You simply can’t know what works for someone else or decide what is good for them.
This belief fuels the core of the coaching attitude. Knowing that our clients are the experts on their own lives, minds, and futures.
This translates into an attitude of true support. Because of this, we’re able to support them in their journeys. Allowing them to decide for themselves what they want to do, how they want to do it, and when they want to do it.
People can only truly do things when they’re ready to do them. And they can only truly develop ‘in the right order’. Their right order.
Trying to teach a three-year-old how to do advanced calculus seems pretty ridiculous right? There are about a million steps and twenty years of experience in between those two things.

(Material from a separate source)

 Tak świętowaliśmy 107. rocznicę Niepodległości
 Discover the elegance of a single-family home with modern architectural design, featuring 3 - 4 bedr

Education should be about making the learning steps as small as possible for the student. The better the next step fits, the more ready they are to take it.
This means that ‘readiness to learn’ is key. And here once again, coaching values can help.
There is only one way to know what someone is ready for. By listening to them (or watching them carefully, if they can’t speak yet…).
A teacher then is an expert in knowing the student. What they want, where they’re at, and how they learn. Listening, asking questions, and then stepping out of the way. Instead of blocking the view with a ‘must-read’ from their perspective. Even though we might need an educational system, there is no one method because everyone needs a different one.
I’m planning to do everything I can to give my daughter what she needs, when she needs it. As a parent and on her educational path. Letting her lead with her own curiosity.
Ultimately, it’s her path. And she’s the only one who can walk it.
Hey Rik - I never told you this, but my family has personally benefitted tremendously by your keen eye re alternatives to traditional education. You forwarded a link to the Socratic Experience school many months ago. (https://socraticexperience.com/) I filed it away because our kid is homeschooled and has had no interest in organized schooling, but at the end of this summer I shared the idea with the family, we took a series of steps, interviewed a associate of the school, and enrolled him. It's been wonderful, because the approach of the school honors everything you describe by using conversation and dialogue as a means of assessing one's needs and rate of progress and providing resonant steps for learning. So here's a big belated thank you for that share! I have no doubt you'll do a great job finding the best learning opportunities and circumstances for your daughter. She's lucky to have such a thoughtful dad at the helm of her future.
The sweaty palms don’t go away. My daughter has started her education and I’m constantly re-thinking whether or not we have her in the place that is best for her. It’s a constant worry. But the fact that you’re already thinking about it, gives your daughter a better chance than most.